Doubts about the March | Pakistan Today

Doubts about the March

  • Interior Minister showing signs of impatience

Interior Minister Brig (retd) Ijaz Shah does not approve of JUI(F) chief Maulana Fazlur Rehman’s intention of holding a Million-March on Islamabad, and in an interaction with the press after inaugurating the Police Facilitation Centre in Islamabad on Wednesday, he made his feelings clear. However, he also made clear that his grounds for opposing the March did not rise above the partisan. He said that unjustified demands could not be the basis for removing the government. He is right, but who determines that grounds are unjustified? Not one of the interested parties, surely?

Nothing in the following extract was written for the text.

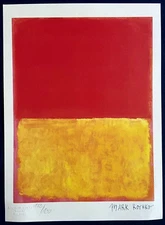 Mark Rothko Lithograph COA Original Signed Op And Numbered [Willem.De.Kooning]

He also said that the timing of the March was wrong. While comparing it to the sit-in by Imran Khan in 2014, he said the situation was entirely different. He might find that any attempt to find any difference might end with casting a lurid light on where the 2014 protesters drew their strength, a light for which they would not be grateful. He also said that Section 144 had been imposed in the Red Zone and no one would be allowed to take the law into their own hands. That is valid, but to go from there to predicting that the Maulana would not come to Islamabad on the 27th would be to predict that law and order might break down. As the Interior Minister, he would surely not want that to happen, as it would if the contingency plan the Maulana has already spoken of, had to be implemented. However, how can he predict the movement of any citizen unless he already intends to ensure his arrest? He should not forget that the imposition of Section 144, with its concomitant ban on gatherings of five persons or more, has time and again proved a law with which the judiciary has been uncomfortable.

Brigadier Shah should realise that he no longer serves a military ruler, as he did as DG Intelligence Bureau for Gen Pervez Musharraf, but an elected Prime Minister, and is responsible for keeping the peace while allowing the freedoms of movement and expression allowed in the Constitution. The essence of democracy is to allow free competition, not to maintain the government of the day in office.